ID Theft Then and Now

news
Apr 15, 20052 mins

Raise the topic of identity theft at the dinner table in my parent’s home and you’ll undoubtedly get my mom started telling a story. When she was in college, you see, she was a victim of identity theft.

Someone thieved her student ID.

“Three or four years after I graduated, I was back at the University of South Dakota, and someone was using it to get into bars,” mom says.

Mild enough, indeed. The aspect of this that surprised me, but obviously should not have, is that ID theft actually existed back then. (No offense intended, mom.)

The reality is that, to this day, my mother has no idea how the younger student got her underage hands on my mom’s ID. There were no measures in place to prevent someone else from using her ID had she even been aware it was gone. Nor, for the record, does she recall how she discovered it was being fraudulently used.

“Do you know how long ago that was?” she barked.

Actually, no, not off the top of my head at least. What I do know is that today identity theft is a bigger problem than it was when my mom was an udergrad, and she got off easy that time.

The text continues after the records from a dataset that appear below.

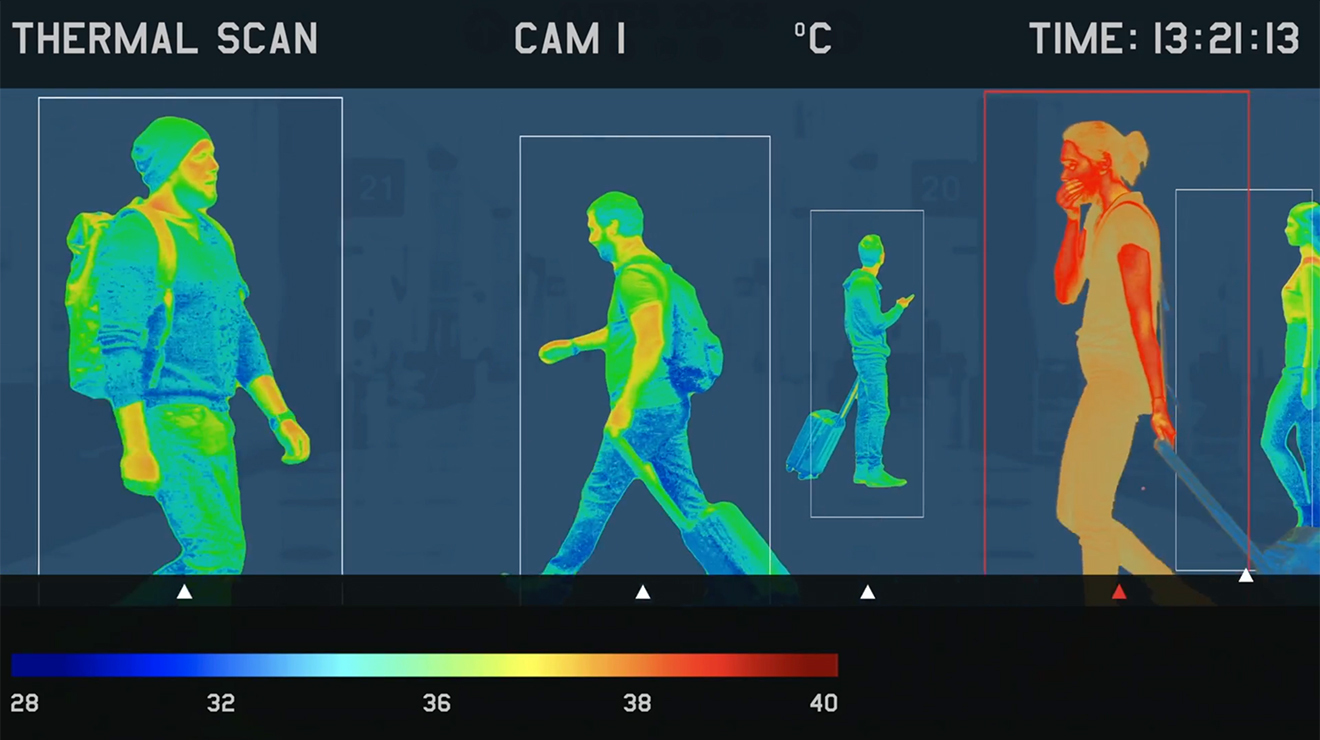 What is White Balance and How Does It Work?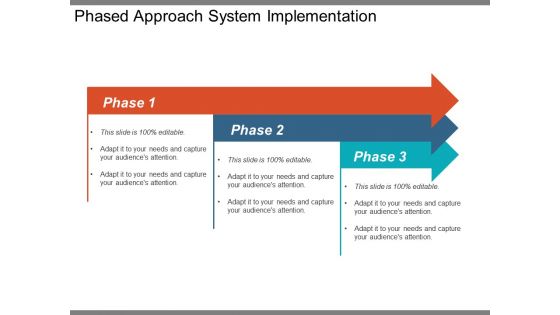 Phased approach system implementation powerpoint slide deck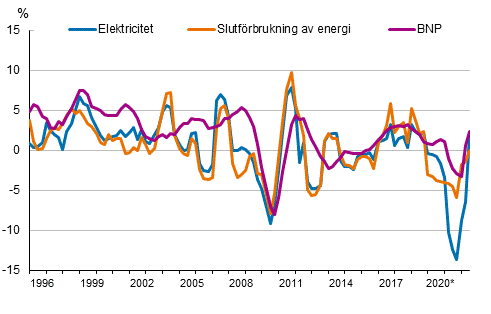 Figurbilaga 1. Förändringar i BNP, slutförbrukning av energi och electricitetsförbrukning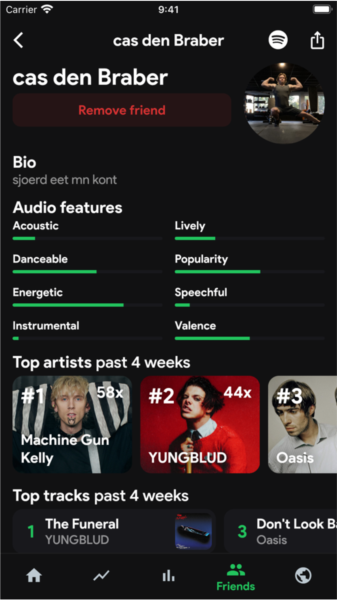 stats.fm1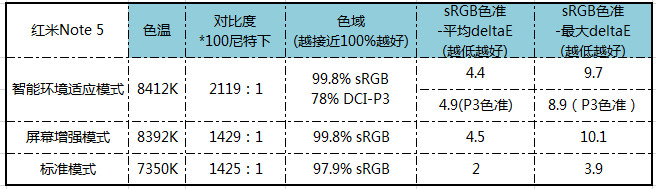 国产最强新·千元机皇！红米Note 5详细评测报告：1099元无敌！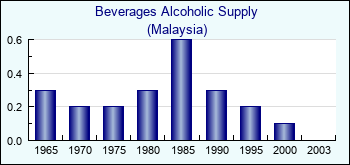 Malaysia. Beverages Alcoholic Supply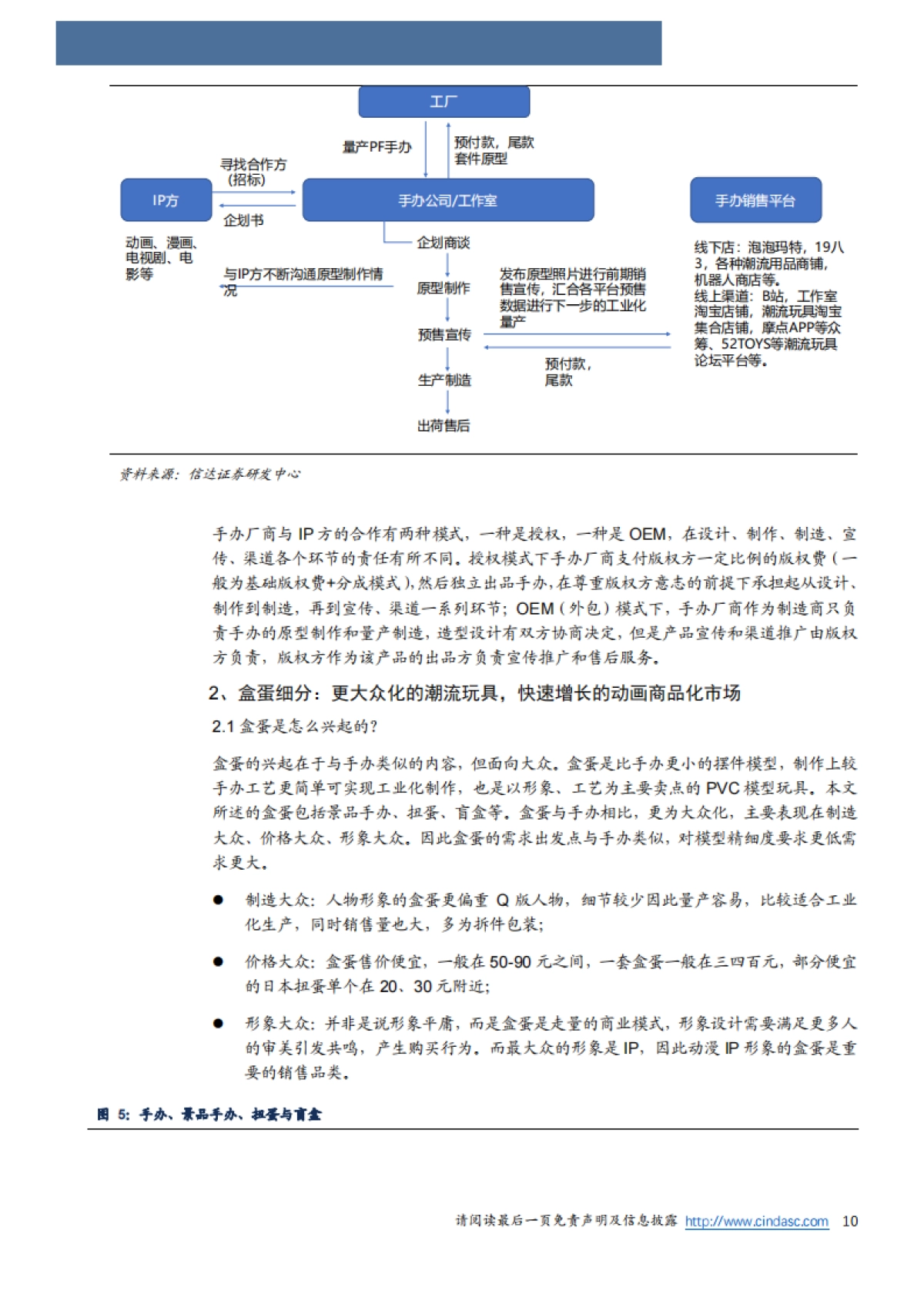 潮流玩具行业深度：手办&盒蛋行业报告，快速增长的消费赛道，IP和渠道构筑壁垒-信达证券-27页_第10页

There are certain measures in place today, but even though ID theft has been going on for decades, if not longer, clearly the current practices are not enough.

Bruce Schneier today posted a compelling argument that what we need to be doing is focusing on detecting and preventing fraudulent transactions. I’ll fess up that I cannot do his post justice in a sentence or three here, so I suggest going straight to the source.

The Wall Street Journal Online, meanwhile, asks in its Question of the Day: Do you feel more confident providing your credit card information in-person or online?

As of a few minutes before 4 pm est, the results were reasonably split. Fifty-three percent of respondents chose online as the answer, while 47 percent prefer to expose their credit card numbers directly to a live person. The newspaper maintained that the survey is a sampling of readers’ viewpoints, not a formal study.